「賞金5000万円? 今、知りました」GⅠ競輪祭で阿部拓真が競輪史に残る大下克上優勝「自分でも『マジか』って感じ」 (2ページ目)
気づけば初の準決勝どころか、初のGⅠ決勝という大舞台へ。勝ち残り、そして賞金ランキング争いを巡って張り詰めた空気が漂う準決勝後の会見場も、阿部の時だけは望外の躍進に終始笑顔が止まらず、ムードを和ませた。
精神と肉体を削っての激戦ゆえ、選手から「ベストコンディションは望めない」とのコメントも聞かれるなかで迎えた決勝。9選手のうち7選手が「勝てば初GⅠタイトル」という顔ぶれで、本命視されたのは昨年のグランプリ王者・古性。グランドスラム達成に向けて手が届いていないタイトル(※)を埋める絶好機となった。対抗の一角には今年の『日本選手権競輪(ダービー)』を制し、4年前には競輪祭でも優勝している吉田拓矢(茨城・107期)が挙げられた。
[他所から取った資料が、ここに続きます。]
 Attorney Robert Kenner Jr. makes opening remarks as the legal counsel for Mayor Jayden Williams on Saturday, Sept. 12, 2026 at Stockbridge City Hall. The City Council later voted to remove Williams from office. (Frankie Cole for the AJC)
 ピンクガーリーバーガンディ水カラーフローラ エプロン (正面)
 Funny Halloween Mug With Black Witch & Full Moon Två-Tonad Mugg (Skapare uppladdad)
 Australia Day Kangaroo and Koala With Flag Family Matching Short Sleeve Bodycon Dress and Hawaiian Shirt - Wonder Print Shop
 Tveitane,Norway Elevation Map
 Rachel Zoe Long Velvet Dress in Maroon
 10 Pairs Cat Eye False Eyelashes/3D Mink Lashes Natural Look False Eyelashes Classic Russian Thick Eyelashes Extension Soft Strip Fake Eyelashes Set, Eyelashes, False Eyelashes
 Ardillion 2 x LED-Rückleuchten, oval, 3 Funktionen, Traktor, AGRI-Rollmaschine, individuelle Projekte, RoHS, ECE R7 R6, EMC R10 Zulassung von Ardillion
※獲得していないGⅠは「日本選手権競輪」と「競輪祭」
【緊張を解いた同期・吉田拓矢の一言】
阿部はそんな吉田と競輪学校(現日本競輪選手養成所)の同期で、この決勝ではラインを形成することに。緊張を感じる舞台のはずだが、決勝進出選手を紹介するイベントでは、会場に漂う特別な雰囲気を味わい、思わず「楽しくなってきた」と吉田に声をかける。吉田も「楽しみましょう」と応じると、頂点を知る男のこの何気ない一言が、不思議と阿部の心を落ち着かせた。
20時30分、「競輪発祥の地」小倉の競輪ファンが大勢詰めかけた小倉競輪場に号砲が響き渡ると、360度観客席に囲まれたバンクに大きな声援がこだました。
動きがあったのは残り2周半を過ぎたあたり。松井宏佑(神奈川・113期)が先頭へ並びかけるアクションに古性ら近畿勢も反応するなか、吉田は先頭まで出る判断に。「とにかく追走することだけ考えていた」という阿部も吉田の背中にぴったり張りつくと、打鐘を受けて後続が進出を開始しても、同期ラインは好位置をキープし続けた。
最後のバックストレッチを過ぎ、各選手が猛然とスパートをかけるなか、吉田のスパートを受けて絶好のタイミングで阿部も進出を開始。進路を巡って外に広がった選手たちを横目に、最小限のロスでインを回って2番手にするりと潜り込む。最後の直線で残された力を振り絞った阿部は、目前の荒井崇博(長崎・82期)をかわし、ゴール線を最初に駆け抜けた。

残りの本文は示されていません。